• **Brief**: Output exactly, in the material below, the lines from the one with "a blue tit, cyanistes" through the one with "Piesek Border collie". Omit all pictures.

• **Dataset content**:
╭──
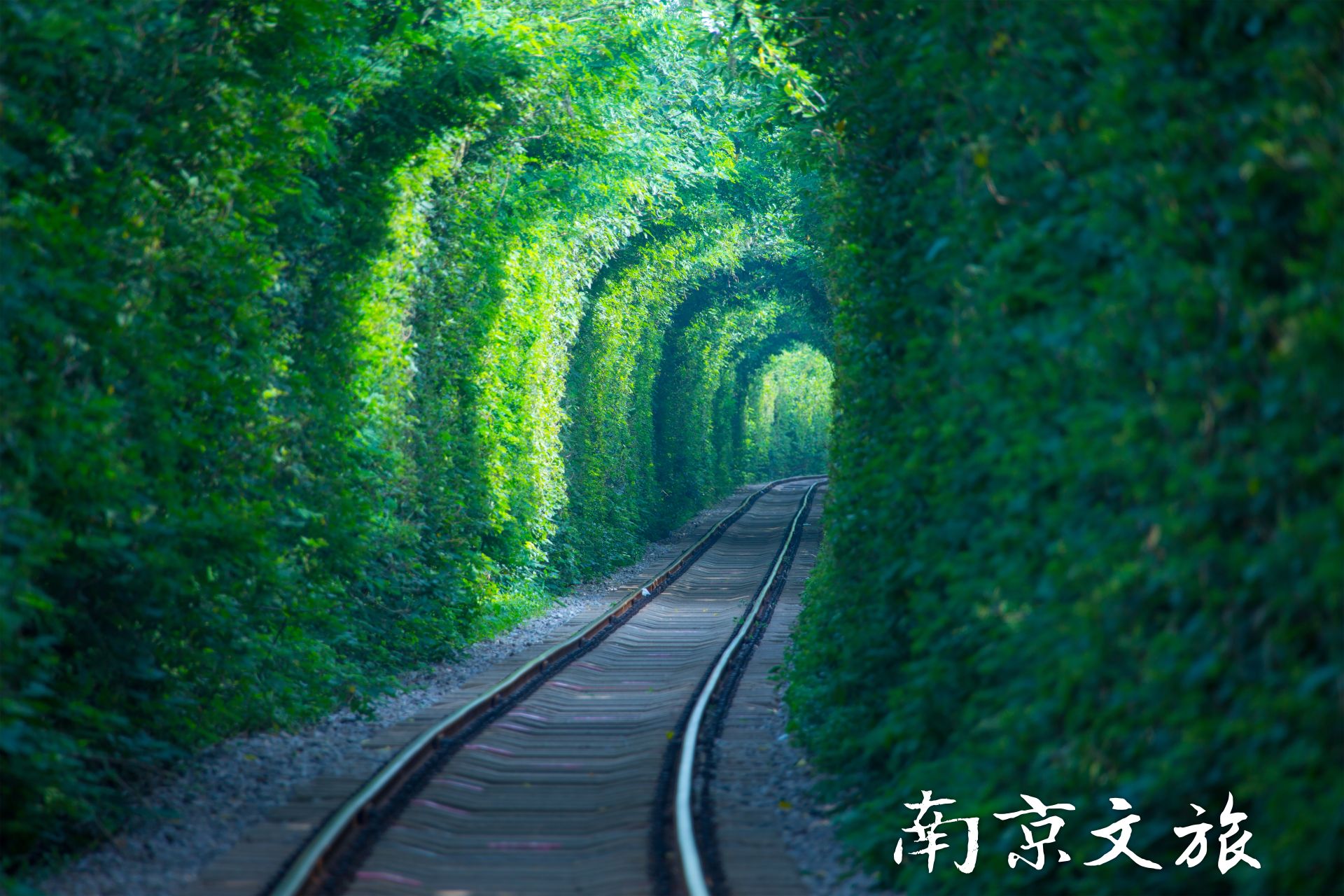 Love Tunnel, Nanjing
╰──
╭──
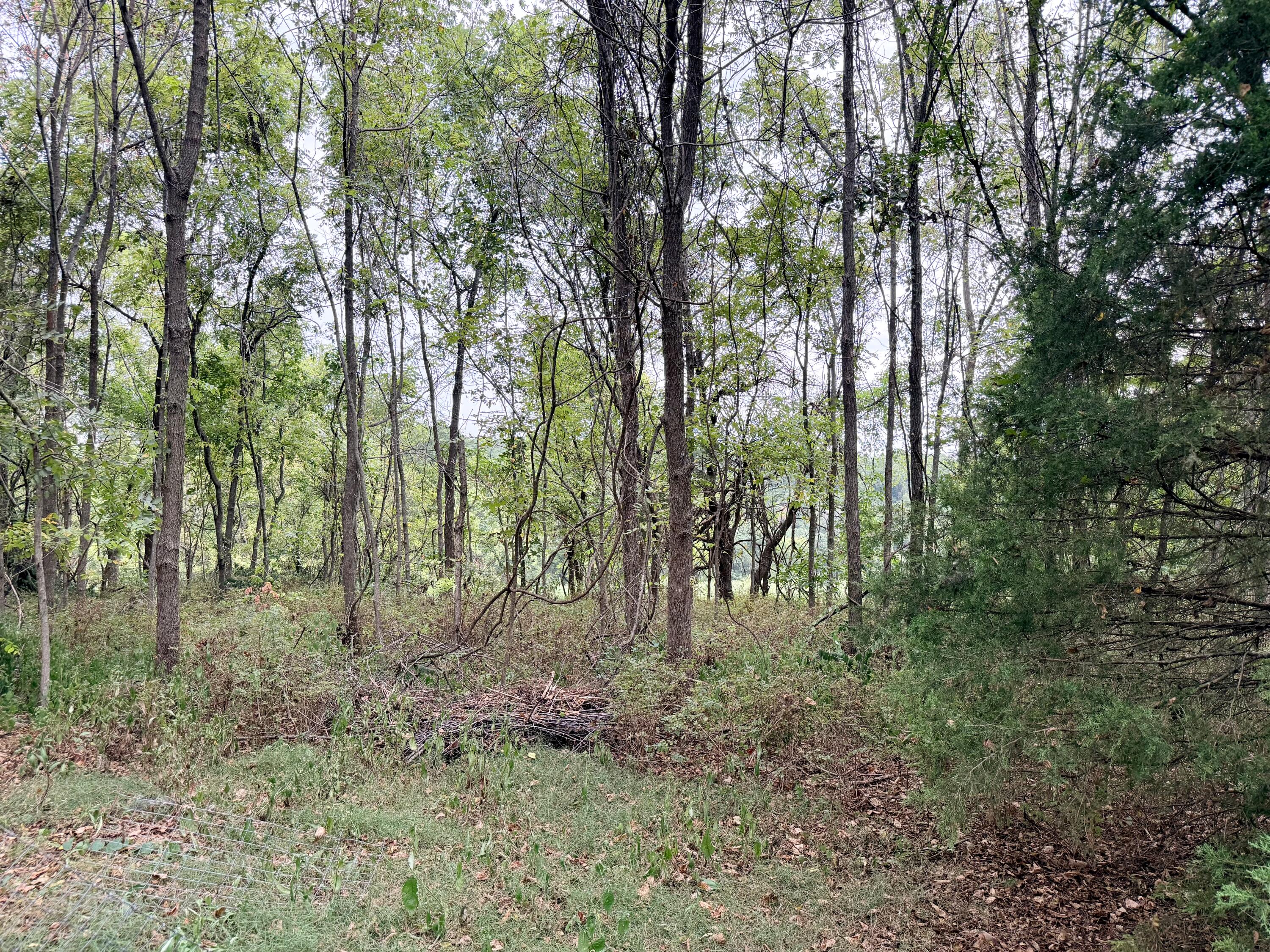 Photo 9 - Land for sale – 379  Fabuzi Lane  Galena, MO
╰──
╭──
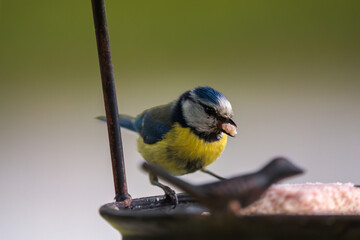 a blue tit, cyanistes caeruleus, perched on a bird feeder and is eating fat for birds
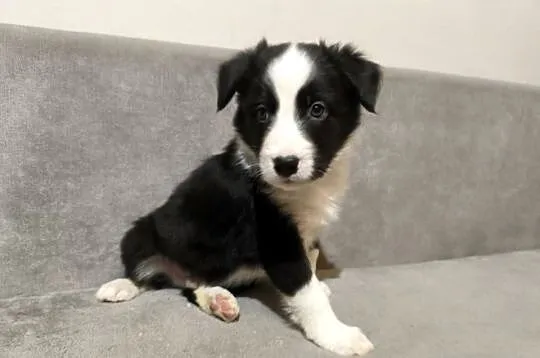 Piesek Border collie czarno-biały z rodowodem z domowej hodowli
╰──
• **Exercise answer**:
 a blue tit, cyanistes caeruleus, perched on a bird feeder and is eating fat for birds
 Piesek Border collie czarno-biały z rodowodem z domowej hodowli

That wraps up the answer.